Avevo 13 anni, sognavo di fare il calciatore. Quel giorno, al termine del provino allo Stadio “Ennio Tardini” di Parma, Bruno Mora (a qualcuno forse ricorderà un grande) mi prende da parte e mi dice “Se a te sta bene… noi ti prendiamo”. Il sogno inizia così e termina dopo 8 allenamenti, nel momento in cui il dirigente distribuisce a tutti il buono per le scarpe. Tranne a me. E’ così che la società mi scarica. Il tempo di tornare a casa e mio padre, di poche parole, mi prende da parte (andiamo sul balcone, abitavamo in un appartamento molto piccolo e in quel momento il bagno era occupato). Mi dice “Tu col Parma hai chiuso“. Non ho avuto il tempo di rendermi conto che avevo iniziato.
Oggi mio figlio ha 8 anni, gioca a pallone perché in questo sport ci sono i suoi amici, non si cura del risultato, si diverte.
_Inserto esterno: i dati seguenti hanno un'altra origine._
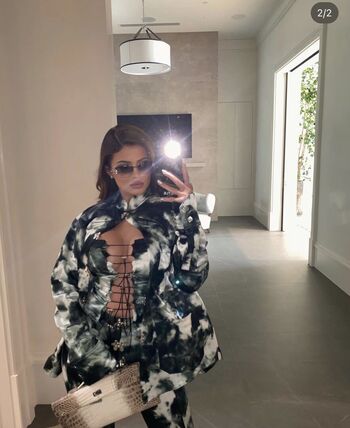 Kylie jenner  page leaked private photo uncensored HD quality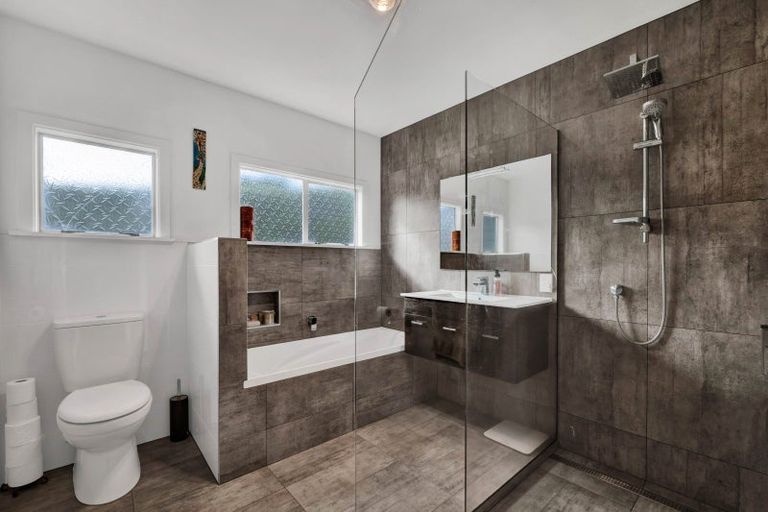 Photo of property in 8 Brassey Street, Waverley, 4510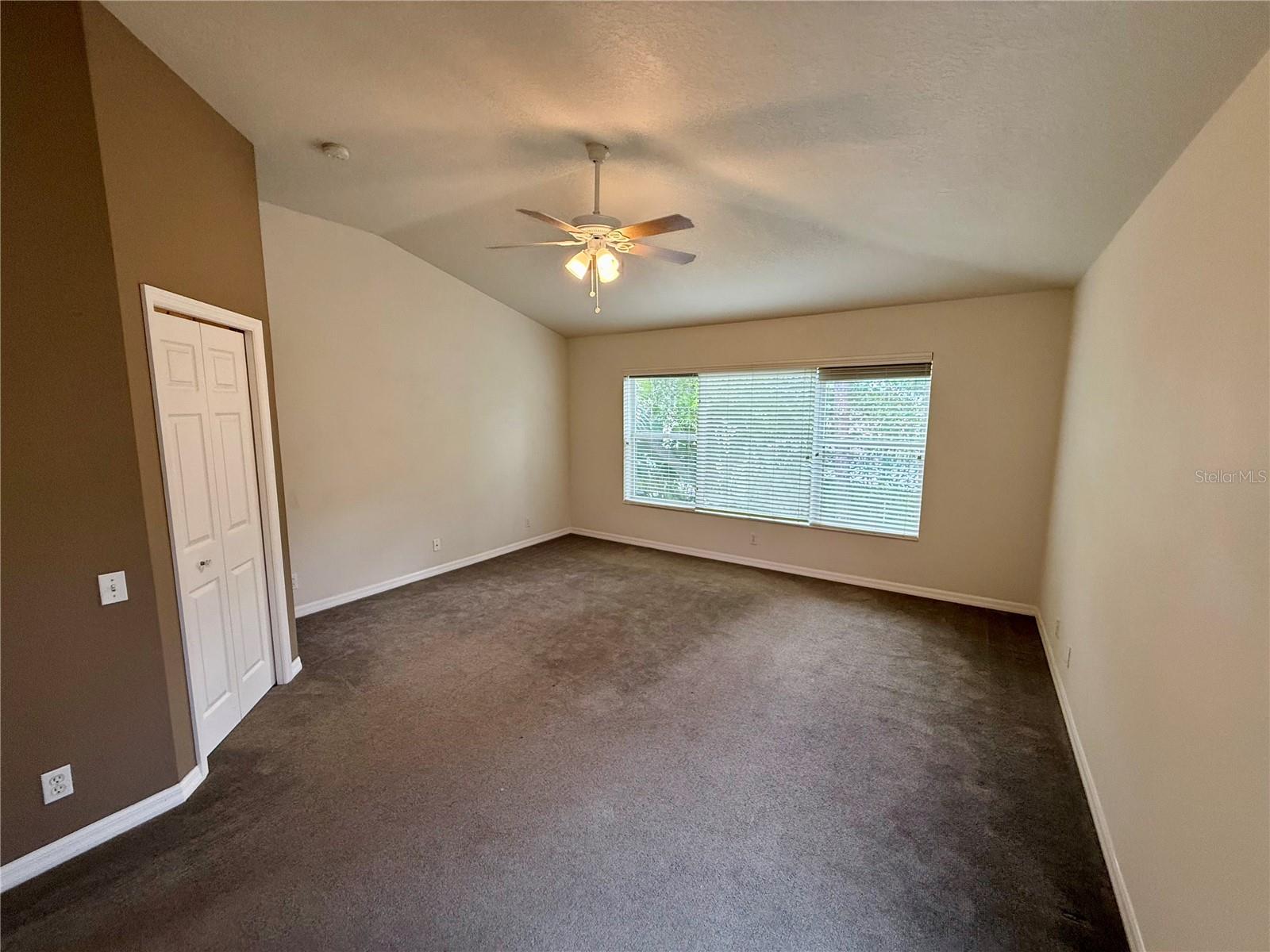 2524 NEWBERN AVE, CLEARWATER, FL, 33761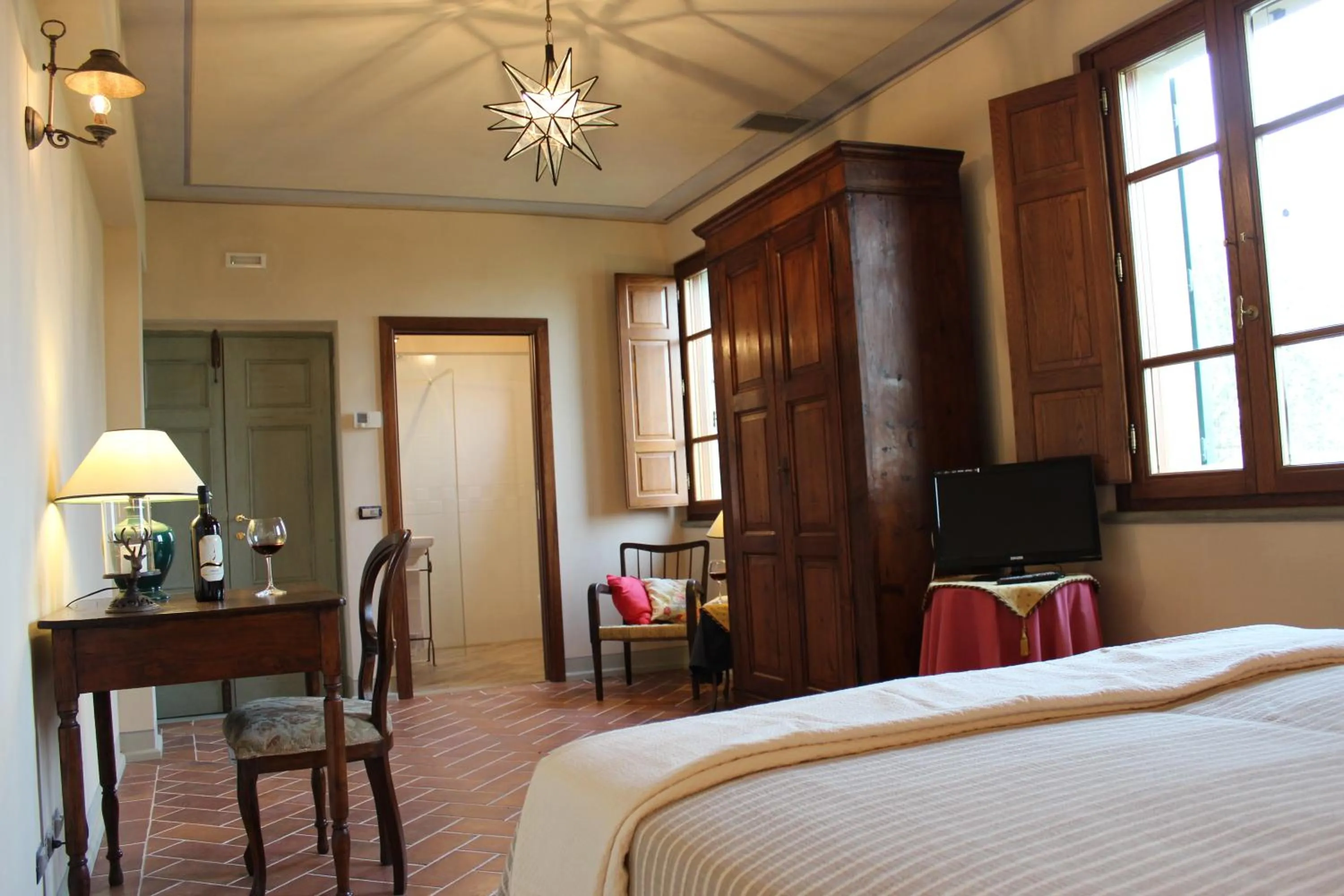 Bed in La Cantina Relais - Fattoria Il Cipresso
Non sa cosa farà a settembre, dice che intanto si riposa. Ma questa non è la storia di un bambino, l’ennesimo, che viene scaricato in malo modo dalla società, di quelle che si sperticano nel dire che noi facciamo giocare tutti, di quelle che poi si solleva l’indignazione popolare per denunciare il segreto di Pulcinella, che al di là degli statuti giocano (quasi ovunque) i più bravi. E il calcio soffre più di tutti questo stato (per soldi e televisione, basti vedere come il calcio professionistico ha sdoganato le peggiori acconciature su innocenti bambini i cui genitori ci credono tanto).
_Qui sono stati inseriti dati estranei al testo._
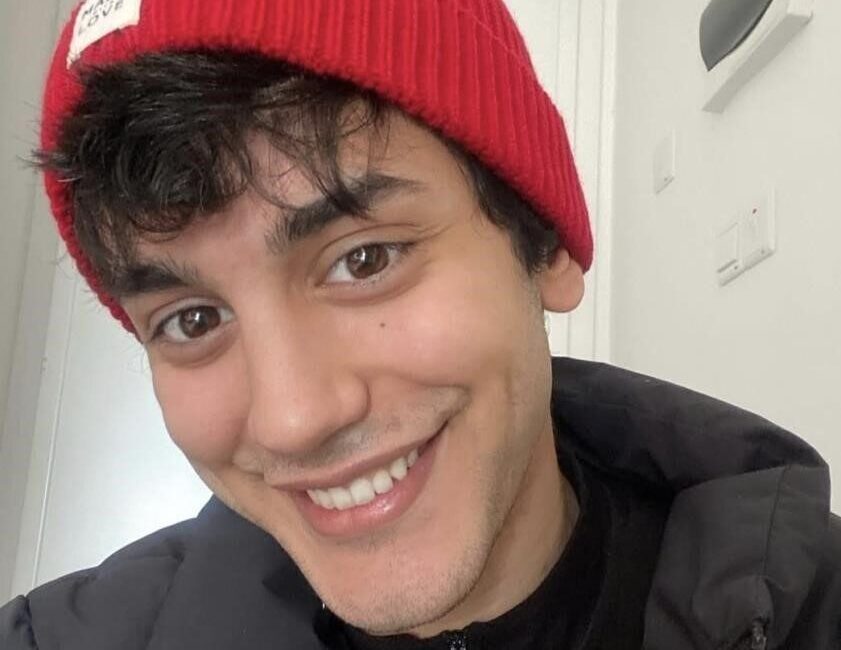 İstanbul’da geçtiğimiz 15 Ağustos’ta şiddetli rüzgarın etkisiyle devrilen bir ağacın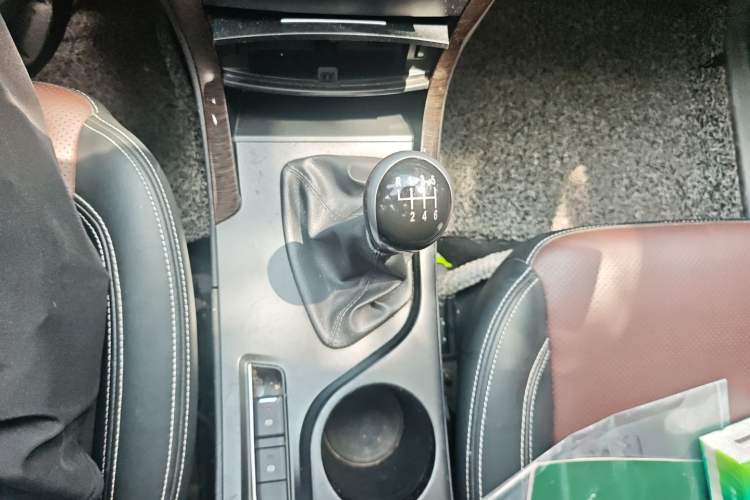 Used HYOSOW S6 2017 1.5T Manual Smart Edition Gear Lever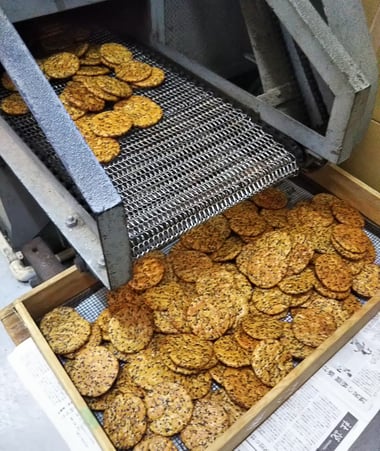 香味黒ごませんべい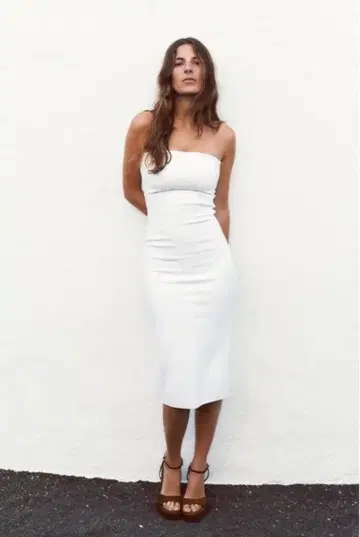 화이트 슬리브리스 미디 드레스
Questa è la storia, semplice, di un allenatore di calcio, fuori dal coro, che non ha incontrato il favore dei genitori, che a vederlo sembra il fratello maggiore della sua squadra, che allena e si diverte, che ha saputo legare i suoi ragazzi in un gruppo, che oltre al pallone ha suscitato affetto. Poi, un giorno, l’esternazione: “Questi bambini hanno un’età in cui il risultato non conta, si devono divertire, cambiare ruolo, occorre approfittare di questi anni in cui non c’è l’assillo del risultato. E poi… poi io cerco di non star loro addosso quando giocano, di dir loro sempre quello che devono fare, voglio che si sentano liberi di fare con la palla quello che vogliono, voglio che provino la loro creatività, che siano liberi di esprimersi, ecco”.
Il concetto è semplice e meraviglioso e una volta tanto si può dire che il calcio è fatto anche di illuminazioni come questa. Forse per questo la società, non senza pressione di alcuni genitori, ha deciso che l’allenatore non seguirà più la squadra di mio figlio: forse il risultato conta più della creatività, a 8 anni. Buona notte e buona fortuna!